***** Data for processing *****

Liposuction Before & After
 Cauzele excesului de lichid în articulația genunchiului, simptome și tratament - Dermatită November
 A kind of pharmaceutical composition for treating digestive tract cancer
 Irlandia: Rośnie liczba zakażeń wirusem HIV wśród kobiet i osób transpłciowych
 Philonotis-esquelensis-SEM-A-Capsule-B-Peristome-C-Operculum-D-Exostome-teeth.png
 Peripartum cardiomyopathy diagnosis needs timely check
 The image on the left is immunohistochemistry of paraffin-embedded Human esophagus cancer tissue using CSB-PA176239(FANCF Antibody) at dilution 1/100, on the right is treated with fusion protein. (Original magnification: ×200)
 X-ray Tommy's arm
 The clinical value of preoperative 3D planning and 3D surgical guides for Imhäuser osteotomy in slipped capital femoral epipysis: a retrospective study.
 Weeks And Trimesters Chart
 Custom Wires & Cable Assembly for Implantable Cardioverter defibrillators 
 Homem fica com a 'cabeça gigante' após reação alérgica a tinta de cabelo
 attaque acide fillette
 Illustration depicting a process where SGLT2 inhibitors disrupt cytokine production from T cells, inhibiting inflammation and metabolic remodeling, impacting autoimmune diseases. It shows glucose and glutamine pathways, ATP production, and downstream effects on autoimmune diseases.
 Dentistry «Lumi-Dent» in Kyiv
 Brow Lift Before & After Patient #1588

*****

■ **Problem description**
Could you repeat every record word for word?

■ **Output for this exercise**
Liposuction Before & After
 Cauzele excesului de lichid în articulația genunchiului, simptome și tratament - Dermatită November
 A kind of pharmaceutical composition for treating digestive tract cancer
 Irlandia: Rośnie liczba zakażeń wirusem HIV wśród kobiet i osób transpłciowych
 Philonotis-esquelensis-SEM-A-Capsule-B-Peristome-C-Operculum-D-Exostome-teeth.png
 Peripartum cardiomyopathy diagnosis needs timely check
 The image on the left is immunohistochemistry of paraffin-embedded Human esophagus cancer tissue using CSB-PA176239(FANCF Antibody) at dilution 1/100, on the right is treated with fusion protein. (Original magnification: ×200)
 X-ray Tommy's arm
 The clinical value of preoperative 3D planning and 3D surgical guides for Imhäuser osteotomy in slipped capital femoral epipysis: a retrospective study.
 Weeks And Trimesters Chart
 Custom Wires & Cable Assembly for Implantable Cardioverter defibrillators 
 Homem fica com a 'cabeça gigante' após reação alérgica a tinta de cabelo
 attaque acide fillette
 Illustration depicting a process where SGLT2 inhibitors disrupt cytokine production from T cells, inhibiting inflammation and metabolic remodeling, impacting autoimmune diseases. It shows glucose and glutamine pathways, ATP production, and downstream effects on autoimmune diseases.
 Dentistry «Lumi-Dent» in Kyiv
 Brow Lift Before & After Patient #1588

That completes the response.